# Testing Notebook for cugraph DGL vs DGL Upstream

In [1]:
import os
os.environ["CUDA_VISIBLE_DEVICES"]="4"
import rmm  
import torch
#rmm.reinitialize(pool_allocator = True, initial_pool_size = 15e9, maximum_pool_size=25e9)
#torch.cuda.memory.change_current_allocator(rmm.rmm_torch_allocator)
import cudf

In [2]:
single_gpu = True

In [3]:
def load_dgl_dataset(dataset_name='ogbn-products'):
    from ogb.nodeproppred import DglNodePropPredDataset

    dataset_root = '/raid/vjawa/gnn/'
    dataset =  DglNodePropPredDataset(name = dataset_name, root=dataset_root)
    split_idx = dataset.get_idx_split()
    train_idx, valid_idx, test_idx = split_idx["train"], split_idx["valid"], split_idx["test"]
    g, label = dataset[0]
    g.ndata['label'] = label
    g = g.add_self_loop()
    g = g.to('cpu')
    return g, train_idx

# cuGraph DGL DataLoader

In [4]:
import cugraph_dgl
import tempfile

In [5]:
g, train_idx = load_dgl_dataset()
g = cugraph_dgl.cugraph_storage_from_heterograph(g, single_gpu=single_gpu)

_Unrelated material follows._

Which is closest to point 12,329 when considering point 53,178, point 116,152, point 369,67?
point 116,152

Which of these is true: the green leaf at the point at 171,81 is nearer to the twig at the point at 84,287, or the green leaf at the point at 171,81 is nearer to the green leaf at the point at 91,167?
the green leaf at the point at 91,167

temp_dir = tempfile.TemporaryDirectory()
batch_size = 1024
fanout_vals=[25, 25]
sampler = cugraph_dgl.dataloading.NeighborSampler(fanout_vals)
dataloader = cugraph_dgl.dataloading.DataLoader(
    g,                               
    train_idx.to('cuda'),                        # train_nid must be on GPU.
    sampler,
    sampling_output_dir=temp_dir.name, # Path to save sampling results to
    device=torch.device('cuda'),    # The device argument must be GPU.
    num_workers=0,                 # Number of workers must be 0.
    batch_size=batch_size,
    batches_per_partition=20,
    seeds_per_call=50_000,
    drop_last=False,
    shuffle=False)

In [6]:
%%time

batch_stats = {}
for batch_id,(input_nodes, output_nodes, blocks) in enumerate(dataloader):
    batch_stats[batch_id]={'input_nodes':len(input_nodes),'output_nodes':len(output_nodes)}

CPU times: user 7.97 s, sys: 8.78 s, total: 16.8 s
Wall time: 18.3 s


In [7]:
del dataloader
del g

# Pure DGL DataLoader

In [10]:
from dgl.dataloading import DataLoader, NeighborSampler
import dgl

In [11]:
g, train_idx = load_dgl_dataset()
batch_size = 1024
fanout_vals=[25, 25]
sampler = dgl.dataloading.MultiLayerNeighborSampler(fanout_vals)
dataloader = dgl.dataloading.DataLoader(
    g,                               
    train_idx.to(g.device),                        # train_nid must be on GPU.
    sampler,
    device=torch.device('cuda'),    # The device argument must be GPU.
    num_workers=0,                    # Number of workers must be 0.
    use_uva=False,
    batch_size=batch_size,
    drop_last=False,
    shuffle=False)

In [12]:
%%time
dgl_batch_stats = {}
for batch_id,(input_nodes, output_nodes, blocks) in enumerate(dataloader):
    dgl_batch_stats[batch_id]={'input_nodes':len(input_nodes),'output_nodes':len(output_nodes)}

CPU times: user 10min 7s, sys: 1min 18s, total: 11min 26s
Wall time: 16.6 s